Em "Fitzcarraldo", Herzog fez os índios brasileiros transportarem uma enorme embarcação por sobre uma montanha, dando mostras de ter se deixado afetar pela paisagem amazônica tanto quanto os personagens encarnados por Klaus Kinski. Difícil saber quem era o mais delirante ali: "Meu Melhor Inimigo", documentário de Herzog sobre Kinski, não chega a fechar a questão.

Em "Sinais de Vida", primeiro e mais belo longa do cineasta, é a descoberta de uma planície cheia de moinhos que desencadeia o surto do protagonista, personagem saído de uma novela romântica chamada "O Inválido Louco do Forte Ratonneau", um soldado alemão que se recupera de um ferimento na cabeça em uma ilha grega --projeto que Herzog concebeu sob o sol da ilha de Kos, onde seu avô arqueólogo ("um homem com um profundo senso de orientação física") desencavara umas ruínas romanas.

Romântico

Desde "Sinais de Vida" (1968), Herzog se impôs como o mais romântico dos diretores do novo cinema alemão. Lotte Eisner foi quem o consagrou assim. Sete anos depois, a caminho do hospital onde se encontrava Eisner, Herzog passa pela mesma região em que Georg Büchner ambientara o passeio esquizofrênico de seu "Lenz". Büchner (de quem Herzog adaptou "Woyzeck") é uma referência constante do cineasta.
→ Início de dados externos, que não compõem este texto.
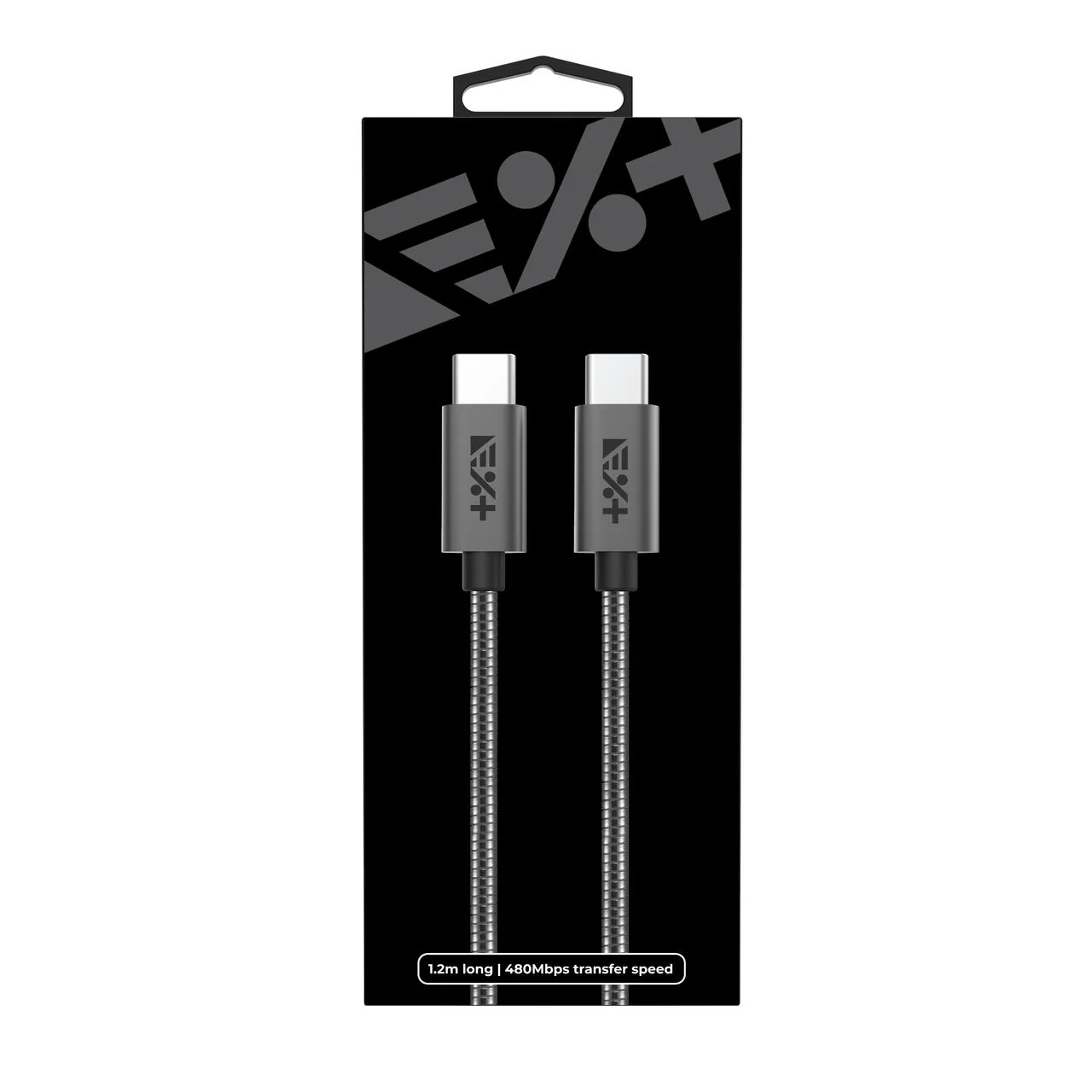 USB-C to USB-C Cable | 1.2 Meter | Metallic - Image 5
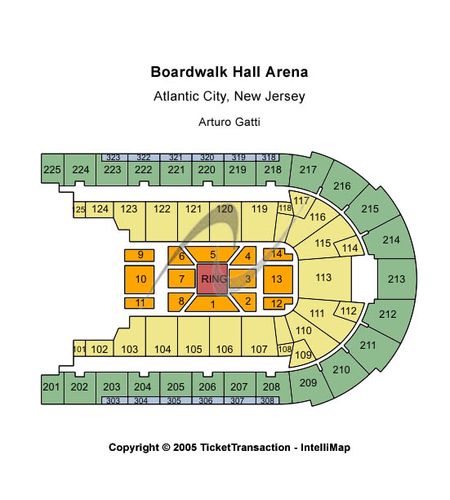 Boardwalk Hall Arena - Boardwalk Hall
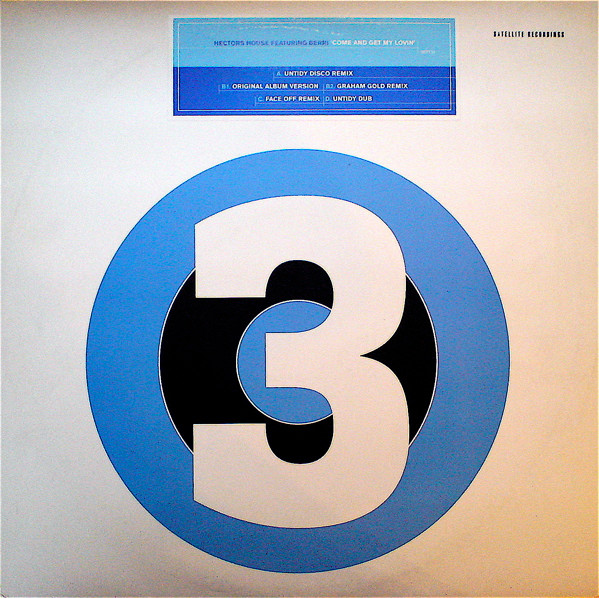 Hector's House Featuring BERRi - Come And Get My Lovin' | 3 Beat Records (3BTT39) - main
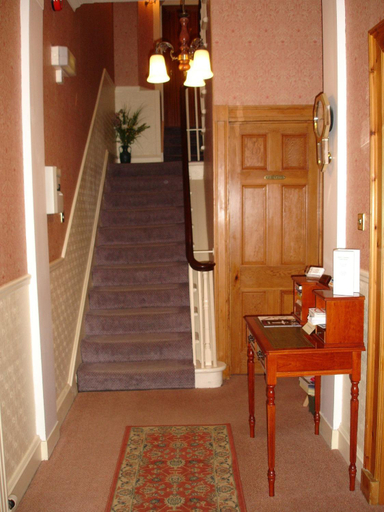 Public Area, Butlers Guest House, Aberdeen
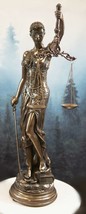 Ebros Greek Goddess Of Justice La Justica Dike Decorative Large Figurine 31&quot;H... - £186.74 GBP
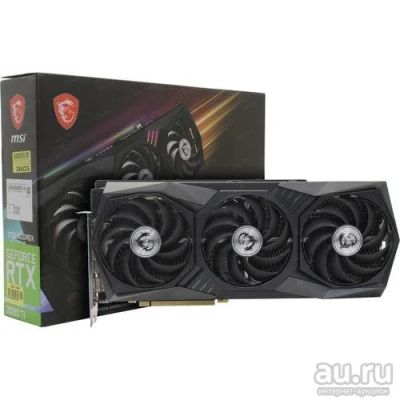 Лот: 18180267. Фото: 1. RTX3080Ti MSI Gaming X Trio 12Gb. Видеокарты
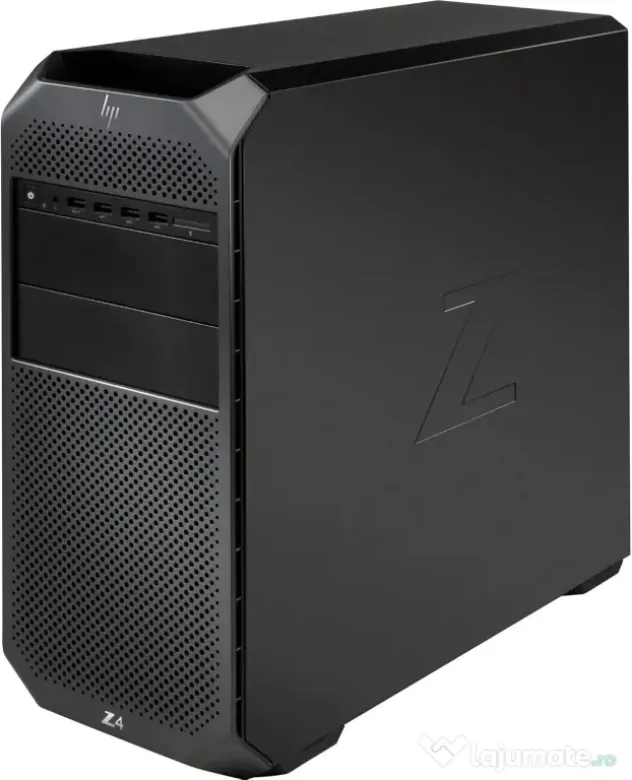 Workstation refurbished hp z4 g4, intel xeon quad core w2223 3.60 - 3.90ghz, 16gb ddr4 ecc, 512gb ss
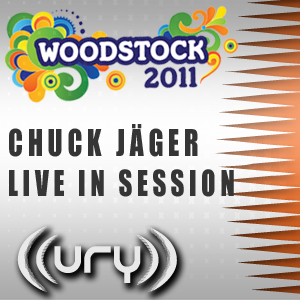 Woodstock 2011 - Chuck Jager Session Logo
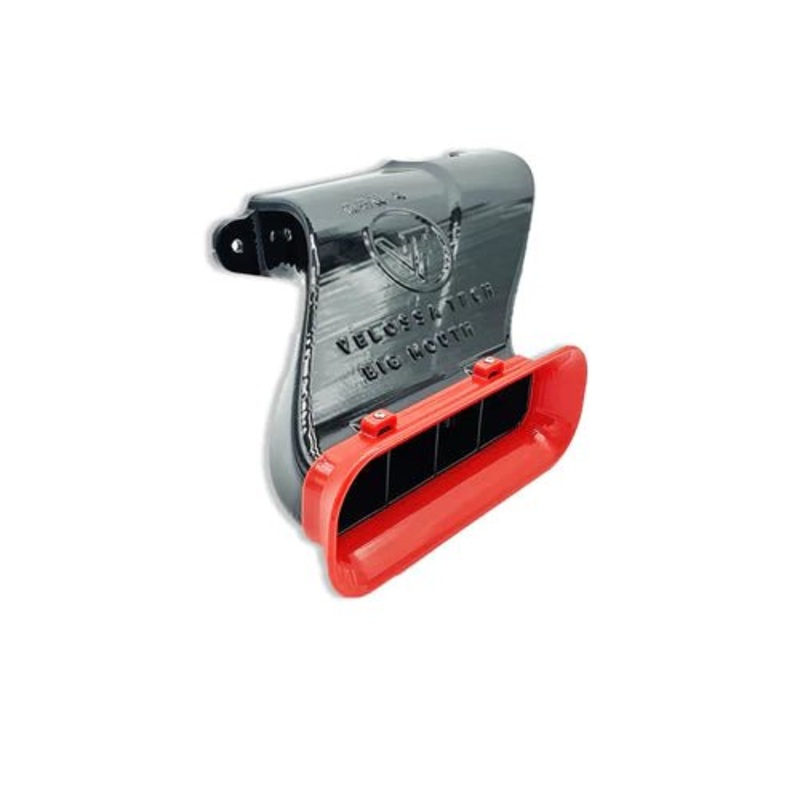 VELOSSA TECH 2022+ Hyundai Kona N BIG MOUTH Ram Air Intake Snorkel Black Black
A desconfiança para com o cientificismo e os ideais iluministas, a exaltação do contato direto (sensório) com a natureza: Herzog, já se disse, retomou o caminho de Büchner e o fez num contexto, o da Alemanha do pós-guerra, em que isso exigia não apenas coragem, mas também vidência.

Herzog é do tipo que confia mais nos sentidos do que nas palavras. Sejam gigantes ou anões, sejam "conquistadores do inútil" ou seres inutilizáveis ("Stroszek", Kaspar Hauser: a vertente dos idiotas encarnada pelo mirrado ator Bruno S.), seus heróis estão sempre entregues a uma visão. Eles preservam a vidência de seu espírito infantil --seu olhar para as coisas é, como o de Kaspar Hauser, sempre novo --e, incapazes de se adaptar ao mundo dos adultos, rebelam-se contra ele, por um ludismo às vezes estóico ("Sinais de Vida"), às vezes cruel ("Também os Anões Começaram Pequenos").